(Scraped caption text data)
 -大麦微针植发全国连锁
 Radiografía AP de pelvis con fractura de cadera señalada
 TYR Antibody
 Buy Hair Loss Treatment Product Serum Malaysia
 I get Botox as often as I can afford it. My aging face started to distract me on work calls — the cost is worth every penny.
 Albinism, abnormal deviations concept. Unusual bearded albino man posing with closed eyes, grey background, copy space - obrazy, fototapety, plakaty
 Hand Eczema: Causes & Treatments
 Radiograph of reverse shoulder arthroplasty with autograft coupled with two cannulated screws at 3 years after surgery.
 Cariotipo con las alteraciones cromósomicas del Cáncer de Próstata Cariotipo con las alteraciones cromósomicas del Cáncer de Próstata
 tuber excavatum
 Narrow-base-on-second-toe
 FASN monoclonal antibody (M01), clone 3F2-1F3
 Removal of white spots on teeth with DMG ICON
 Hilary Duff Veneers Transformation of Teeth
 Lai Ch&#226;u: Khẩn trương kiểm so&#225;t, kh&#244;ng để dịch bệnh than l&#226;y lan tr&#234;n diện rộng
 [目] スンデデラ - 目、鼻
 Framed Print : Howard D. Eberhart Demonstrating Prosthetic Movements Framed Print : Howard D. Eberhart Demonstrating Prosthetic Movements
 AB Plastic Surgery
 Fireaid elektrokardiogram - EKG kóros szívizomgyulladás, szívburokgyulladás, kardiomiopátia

_BRIEF_:
Which lines should be output? Exactly those from the first line of the data through the line containing "I get Botox", inclusive.

_RESULT OF THE TASK_:
 -大麦微针植发全国连锁
 Radiografía AP de pelvis con fractura de cadera señalada
 TYR Antibody
 Buy Hair Loss Treatment Product Serum Malaysia
 I get Botox as often as I can afford it. My aging face started to distract me on work calls — the cost is worth every penny.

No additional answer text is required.